How many times can one laugh at guys being kicked or hit in the crotch, followed by the rolling-eyes reaction?  Is a man in a female gorilla suit being hit on by a real gorilla supposed to evoke laughter?  Is it funny when a guy dips a French fry into blood thinking it is ketchup, eats it and quips “It’s different.”  Who knows!

Double Dhamaal is the sequel of the fairly funny Dhamaal, in which the four goofy friends Adi (Arshad Warsi), his lisping half-witted brother Manav (Javed Jaffrey), Boman (Aashish Choudhary) and Roy (Ritiesh Deshmukh) were introduced, along with cop Kabir (Sanjay Dutt). At the end of the last film, they had donated a large sum of money—ill-gotten gains—to an orphanage.

Now the four are waiting by the wayside (literally!) for luck to come their way again, and are outraged to find that Kabir is rolling in wealth.  They force him to make them partners and end up getting conned by him and chased by a don Batabhai (Satish Kaushik).  Kabir says he had seen Kaun Banega Crorepati and leant that only Cons become Crorepatis.  Kabir has his sister Kiya (Kangna Ranaut) and girlfriend Kamini (Mallika Sherawat) helping him in his elaborately staged cons.  

The four land up in Macau and are furious to find Kabir lording it over a casino called Four Jokers.

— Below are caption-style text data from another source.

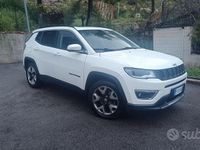 Usata Jeep Compass 120 CV (88 kW) 2019 Bianco SUV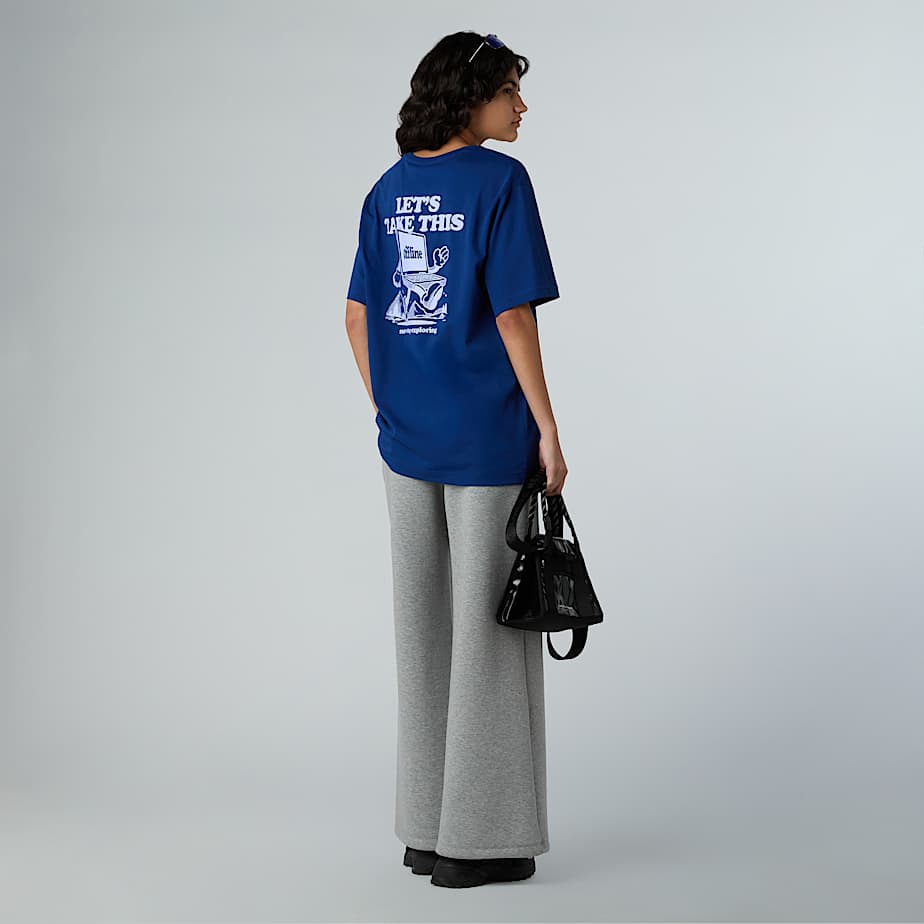 T-shirt décontracté Explore unisexe - 10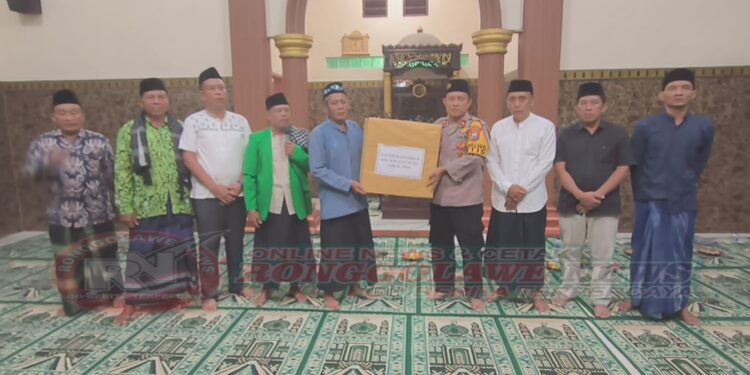 Kapolsek Jetis Bersama Forkopimca Jetis Gandeng Ulama Lakukan Safari Ramadhan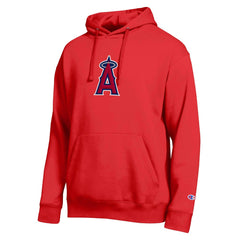 Los Angeles Angels Champion All Star Embroidered Logo Hoodie Red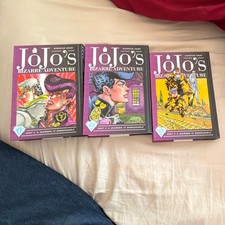 Jojos Bizarre Adventures Manga Series Diamond...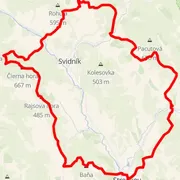 Mapa trasy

They decide to get even.  They get into all kinds of weird disguises,  mimic stars (that always gets laughs), and plan to loot Kabir.

A throwaway line here, a gag there works, but on the whole, the yelling, screaming, pratfalls and double entendre are just not funny and the strain shows.  There are really tasteless and racist jokes – like when Roy pretends to be a black man with two retarded brothers. Aashish Choudhary in drag is not a pleasant sight. Mallika and Kangna just parade around in skimpy clothes, so do a lot of white junior artistes.

Indra Kumar and his team of actors try really hard to get the comic juices flowing, but poor gags can’t make a comedy.  But then, if people are determined to laugh, who can stop them?